Des lecteurs peuvent préférer les passages racontés à travers la perspective de Machin et d’autres à travers les yeux de Truc-Chose. Certes, mais si Machin est un personnage captivant et que Truc-Chose est plus « creux », une majorité de lecteurs va redouter les passages racontés de son point de vue, voir les lire très vite : il y a des parties du roman qui sont bien et d’autres parties moins bien, juste parce que le narrateur est un personnage moins intéressant 😦

Autre risque : les voix qui racontent doivent être caractéristiques. Par exemple, il y a le personnage qui n’a peur de rien, celui qui doute, celui qui est parfois drôle… Ils ne peuvent pas être tous courageux, tous dans le doute, ou tous drôles. Mais il faut de la nuance et ne pas tomber dans la caricature pour essayer de les distinguer les unes des autres. C’est un aspect que je trouve difficile. Mais pas autant que celui qui va suivre.

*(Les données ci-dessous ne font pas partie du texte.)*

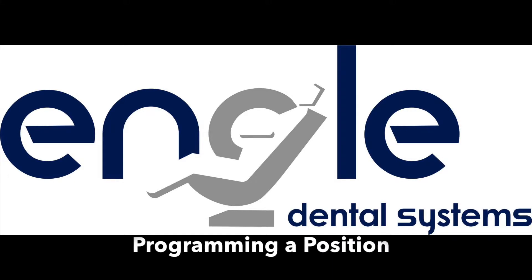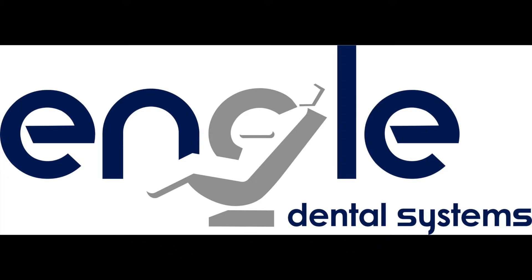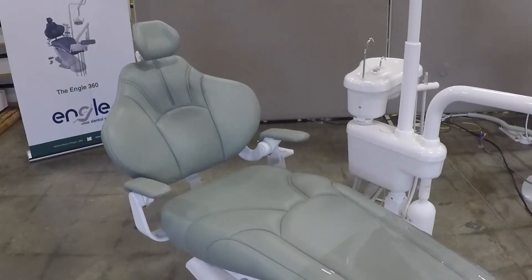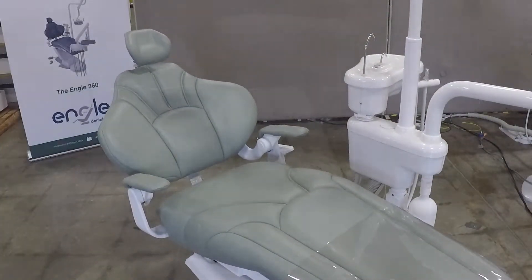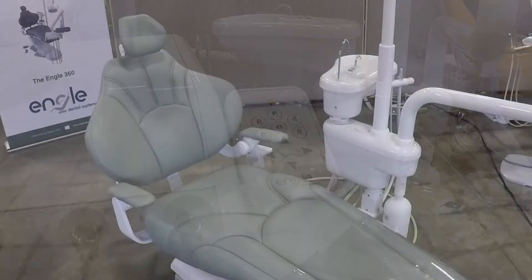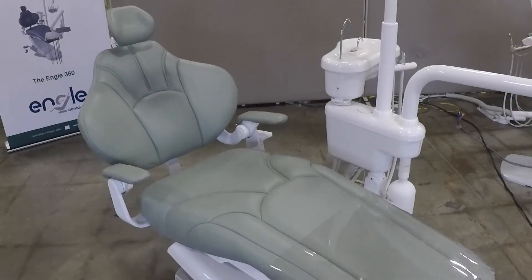To program a position, manually position the chair using the arrow buttons. Once you have finished positioning the chair, press and hold one of the P buttons. Once the chair beeps, release the button. The chair will now return to that position anytime the P button is pressed.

Le risque de se mélanger les pinceaux.

Si le narrateur X déteste les chats, par exemple, et que le narrateur Y les aime bien, vous ne pouvez pas vous tromper quand vous écrivez la scène où le narrateur Y voit des chats. Y est celui qui aime bien les chats, ce n’est pas ce personnage qui va détourner le regard en voyant des chats, c’est l’autre ! Je sais que ça paraît évident, parce que vous connaissez bien vos personnages, mais quand vous écrivez un roman, des détails comme ça, il y en a sans arrêt.

Plus risqué encore, si votre intrigue est relativement complexe (complots, secrets, manipulations, etc.), au-delà de deux points de vue narratifs internes, il peut être difficile de se rappeler (même en prenant des notes) de qui détient telle information et qui ne la détient pas, ou pas encore.

Enfin, il faut effectuer des changements de points de vue narratifs internes de façon claire ; un lecteur doit comprendre, dès le début d’une nouvelle scène ou d’un nouveau chapitre, qui est le narrateur. Parfois, le simple changement de lieu, par exemple, indique de suite qui raconte – quand les personnages sont dans des lieux suffisamment distincts (ou le climat, ou autre élément permettant de savoir immédiatement qu’on a changé de point de vue narratif).

Pour ne pas prendre de risque, de nombreux auteurs écrivent le nom du lieu au début de chaque scène ou chapitre, ou encore le nom du personnage/point de vue… Quelque chose qui empêche de douter.

En tant que lectrice, j’adore ces histoires qui se rejoignent pour n’en faire qu’une. En tant qu’auteur, je me suis complètement plantée quand j’ai voulu le faire et je ne suis pas prête de recommencer.

Pour conclure

Un point de vue narratif interne vous fait raconter votre histoire à travers la perspective d’un personnage et ceci comporte de grands avantages pour certains romans, à la première comme à la troisième personne.

Les choses se compliquent avec deux points de vue narratifs internes et plus un auteur doit en faire alterner, plus son travail se complexifie. Mais avec une solide phase de préparation, on galère bien moins. Et puis ça permet d’apprendre plus de choses, en tout cas c’est mon ressenti, que d’écrire avec le point de vue omniscient qui, souvent, est « commode » ou « arrangeant ».

Mais le point de vue omniscient n’est pas facile à manier. Il n’existe aucun « choix de la facilité » (à mon grand regret). Il crée moins de tracas, mais il a ses pièges. Lui aussi, il est parfois très casse-tête.

Pour choisir, il faut savoir de quoi son histoire a besoin. Ne pas laisser ses préférences de lecteur interférer dans le choix. Lire des romans et « décrypter » le choix qui a été fait aide beaucoup, je trouve, et aussi faire des exercices d’écriture, comme écrire une scène d’un point de vue et la réécrire d’un autre point de vue.